The Trump administration has defended the separation policy as a necessary deterrent, but the UN body countered that “the use of immigration detention and family separation as a deterrent runs counter to human rights standards and principles.”
“The practice of separating families amounts to arbitrary and unlawful interference in family life, and is a serious violation of the rights of the child,” said Ravina Shamdasani, a spokeswoman for UN High Commissioner for Human Rights Zeid Ra’ad Al Hussein. “While the rights of children are generally held in high regard in the US, it is the only country in the world not to have ratified the UN Convention on the Rights of the Child. We encourage it to accede to the Convention and to fully respect the rights of all children.”
Shamdasani called on the U.S. to “immediately” halt the practice and “adopt non-custodial alternatives” to handle undocumented migrant families.
UN Ambassador Nikki Haley rejected the criticism from Zeid’s office.
“Once again, the United Nations shows its hypocrisy by calling out the United States while it ignores the reprehensible human rights records of several members of its own Human Rights Council,” Haley said. “While the High Commissioner’s office ignorantly attacks the United States with words, the United States leads the world with its actions, like providing more humanitarian assistance to global conflicts than any other nation.”
The New York Times reported in April that, over a period of six months, about 700 children were taken from undocumented migrants who had claimed to be their parents.

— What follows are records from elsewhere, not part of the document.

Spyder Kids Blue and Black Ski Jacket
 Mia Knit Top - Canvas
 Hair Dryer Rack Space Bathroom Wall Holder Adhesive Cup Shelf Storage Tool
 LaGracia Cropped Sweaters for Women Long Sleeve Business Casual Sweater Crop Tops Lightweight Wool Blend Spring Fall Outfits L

The American Civil Liberties Union told the NYT that since April the pace of separations has accelerated sharply. Lee Gelernt, deputy director of the group’s immigrant rights project, told the newspaper that nearly 1,000 children may have been taken from their families since April.
U.S. security officials have denied that they separate families at the border while being criticized by President Trump for failing to do more to curb the numbers of migrants crossing the border, according to the NYT.